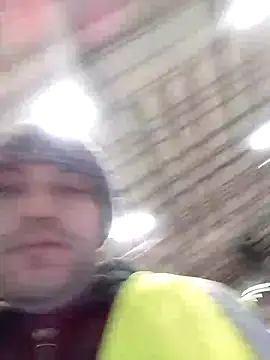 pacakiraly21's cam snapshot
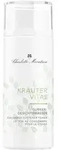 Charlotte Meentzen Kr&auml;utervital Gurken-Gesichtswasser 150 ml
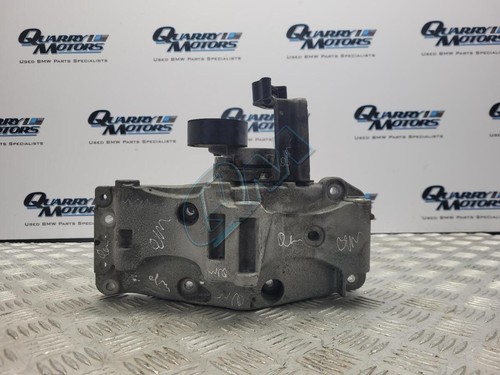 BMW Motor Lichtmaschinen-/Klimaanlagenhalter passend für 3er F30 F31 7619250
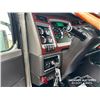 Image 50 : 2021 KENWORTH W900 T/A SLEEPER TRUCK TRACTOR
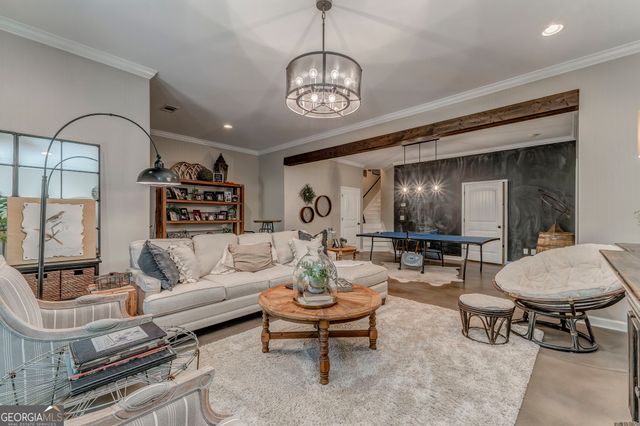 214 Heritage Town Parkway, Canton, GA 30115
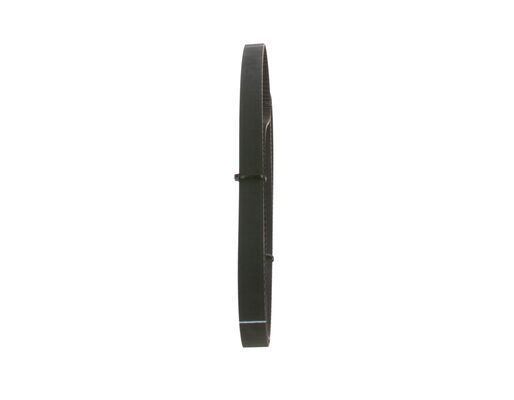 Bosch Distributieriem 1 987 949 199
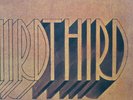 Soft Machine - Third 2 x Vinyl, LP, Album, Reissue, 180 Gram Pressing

------------------------------------------------

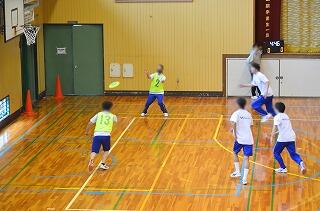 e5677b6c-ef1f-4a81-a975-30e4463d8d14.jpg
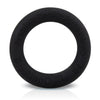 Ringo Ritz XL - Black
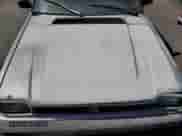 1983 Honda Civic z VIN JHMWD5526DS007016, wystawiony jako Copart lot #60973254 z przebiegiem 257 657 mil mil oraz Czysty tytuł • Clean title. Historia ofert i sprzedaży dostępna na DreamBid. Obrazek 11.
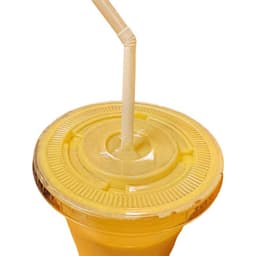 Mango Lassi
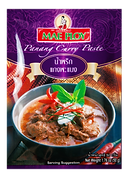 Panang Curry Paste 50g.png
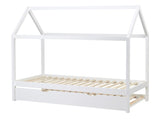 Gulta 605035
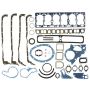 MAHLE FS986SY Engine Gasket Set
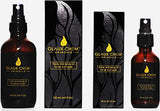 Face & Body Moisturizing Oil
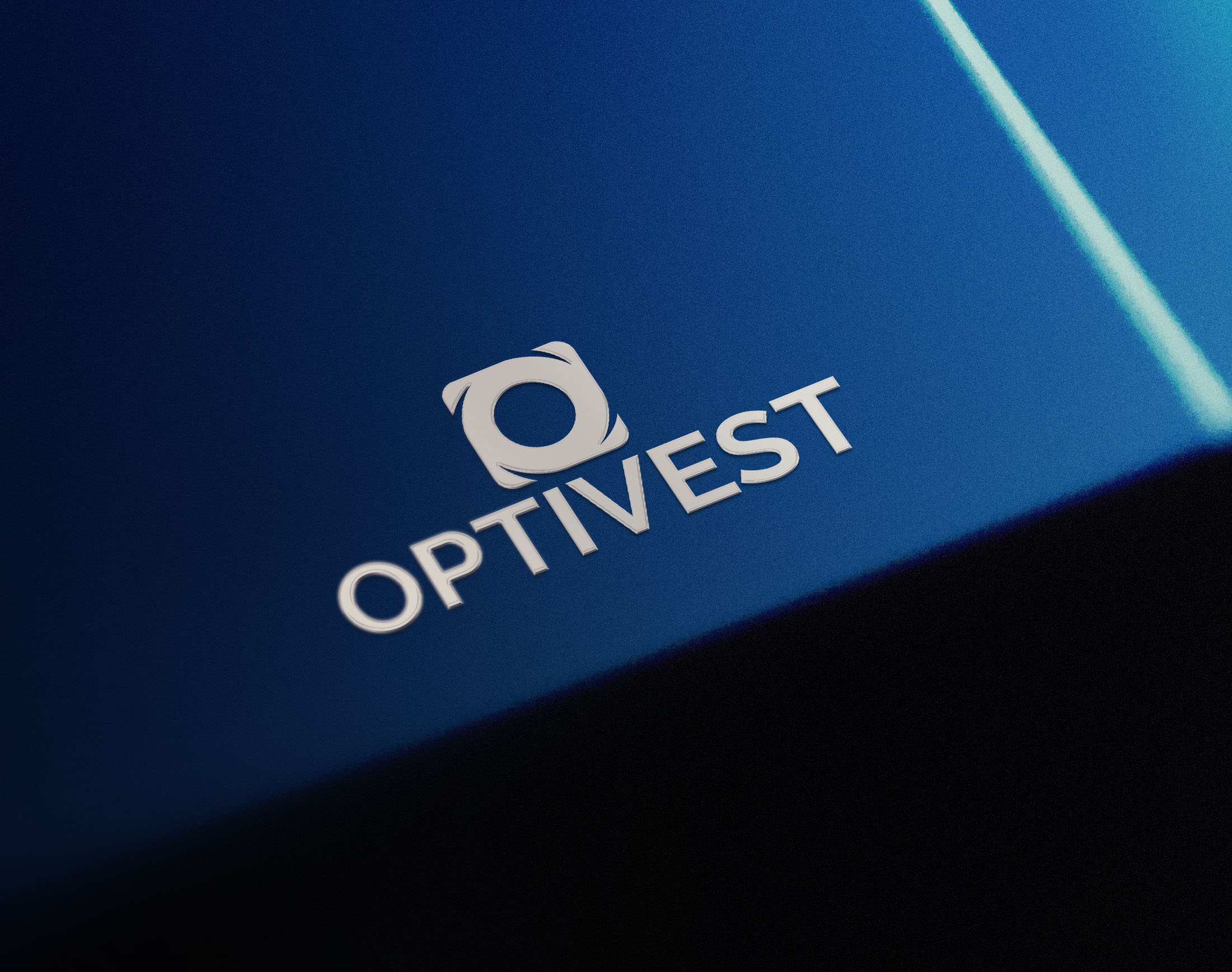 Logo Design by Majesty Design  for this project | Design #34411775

------------------------------------------------

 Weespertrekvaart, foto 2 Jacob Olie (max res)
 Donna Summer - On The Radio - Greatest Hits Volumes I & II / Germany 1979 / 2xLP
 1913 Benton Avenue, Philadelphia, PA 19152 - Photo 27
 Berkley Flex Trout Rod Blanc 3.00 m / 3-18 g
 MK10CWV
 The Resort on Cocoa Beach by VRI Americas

------------------------------------------------

AIM OF THE TASK – Retype the records above, but only those lines that fall between the line containing "Berkley Flex Trout Rod Blanc 3.00 m / 3-18 g" and the line containing "The Resort on Cocoa Beach by VRI Americas", with both of those lines included, exactly as written.

ANSWER SECTION –
 Berkley Flex Trout Rod Blanc 3.00 m / 3-18 g
 MK10CWV
 The Resort on Cocoa Beach by VRI Americas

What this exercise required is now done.